The fact that the gavel is now in Gurley's hands means that Stan Norwalk, the one Democrat who's spoken out repeatedly against the new majority, is routinely silenced—and often ridiculed—for trying to raise school issues at the commissioners' meetings.

It also means that the Republicans will control the budget process this spring. A draft 2010-11 budget shows a cut in school aid.

But even if the Democrats were a powerhouse, the fact that the commissioners are a poorly paid, part-time board (salary: $19,096 a year) is another vestige of the consensus era. The county is run day-to-day by an unelected county manager. The commissioners are like a corporate board, with the power to establish policies and the budget but with few resources at their disposal to influence public opinion. It's assumed they don't need to.

But what worked well enough three decades ago, when Wake's population was half what it is now and its suburbs were farms, doesn't work in a county of 850,000 people who are spread from Apex to Zebulon.

And the Democrats are no powerhouse. To say there is a vacuum of political leadership in Wake County today is only to state the obvious. A strong voice would be needed to reach the voters across the county. The Democrats don't have one—or they didn't until last Friday.

The decision by the party's chairman, Jack Nichols, to run for the commissioner seat now held by Republican Paul Coble offers the chance, at least, of a headliner race between an experienced Democratic leader and the über-conservative former Raleigh mayor.

Nichols, a former commissioner who served in consensus days, jumped in just before the filing deadline, when it appeared that no one would take on Coble.
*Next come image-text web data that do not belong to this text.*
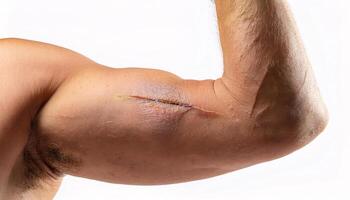 detailed view of a large scar from a cut on the flexed bicep, showing uneven healing in isolated white background photo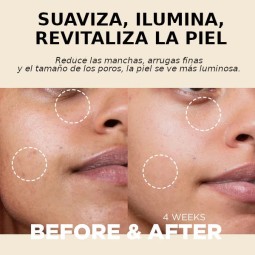 Emulsiones y Cremas al mejor precio: Its Skin RetinoidiN Cream 100ml de It´s Skin en Skin Thinks - Piel Seca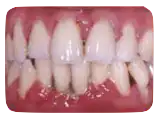 picture of a mouth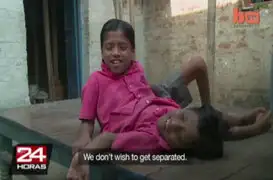 India: siameses conmueven al mundo porque se niegan a ser separados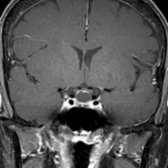 Coronal T1 C+ MR in a 62-year-old woman with headaches shows a cystic suprasellar mass
with mild peripheral enhancement, a claw sign related to compression of the adjacent normal pituitary gland by the Rathke cleft cyst. Note the lack of enhancement within the cyst.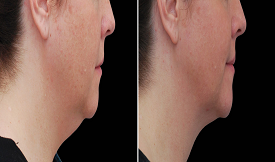 double chin treatment in islamabad clinic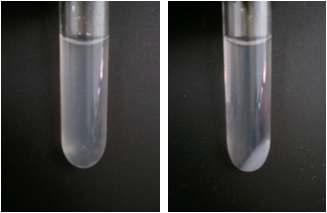 Dissolution of cellulose in NaOH/Urea system and regenerated cellulose from NaOH/Urea system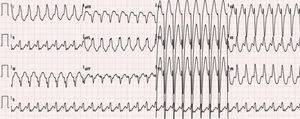 Eletrocardiograma de 12 derivações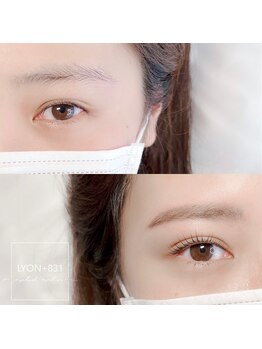 リヨン(LYON+831)/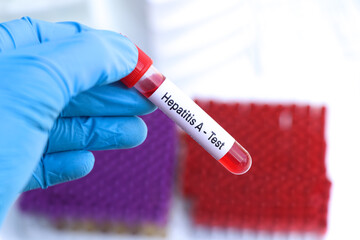 Obraz premium Hepatitis A test to look for abnormalities from blood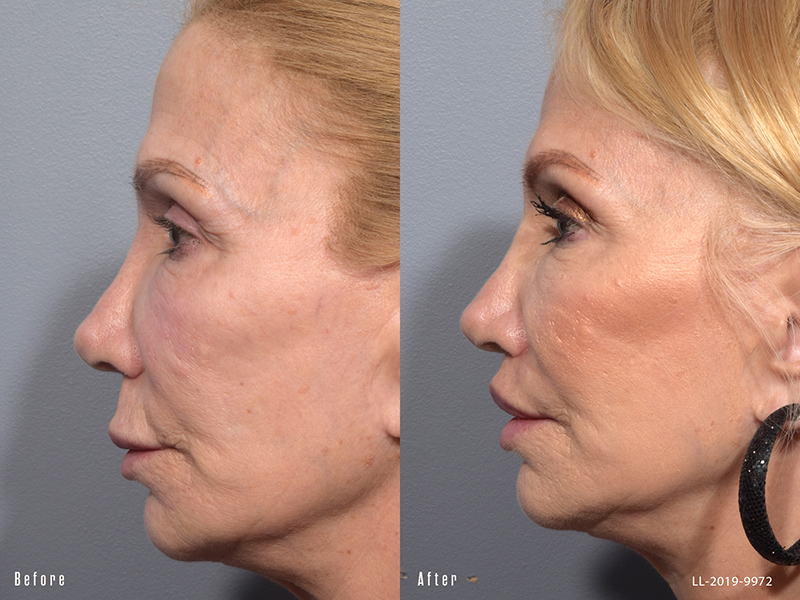 Female showing before and after results from a surgical lip lift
If the Democrats had let Coble be re-elected without opposition, it would've underscored their weakness in the face of the right-wing assault. Nichols decided that couldn't happen.

The best chance to slow down the new majority rests with Nichols and the other Democratic candidates—incumbent Commissioner Lindy Brown, Steve Rao and Don Mial. (The last two are challenging Republicans Gurley and Joe Bryan, respectively.)
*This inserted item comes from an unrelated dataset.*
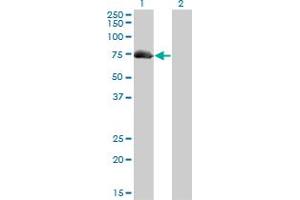 Western Blot analysis of AKAP10 expression in transfected 293T cell line by AKAP10 monoclonal antibody (M04), clone 8C10.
If they can turn the election into a referendum on whether the school system should be improved (and how) or torn apart, and win it, they can set the stage for the election of a different school board majority in 2011, using districts based on the new census.

The assault on the school system is far from over. The adoption by the new majority of its "community zones" resolution puts a process in motion, but to execute it without wrecking the schools—by overcrowding some schools and leaving others half-empty—they'll need more money, not less. And more new schools than the voters have so far authorized in bond issues.

That means a Democratic commissioners board could slow them down, if not actually convince them that the old consensus held—and still holds—for a reason. A balanced school system, with neighborhood-friendly assignments and diversity, is still—as Tom Oxholm discovered when he tried to prove it wasn't—the most efficient and best way to serve all the students of Wake County.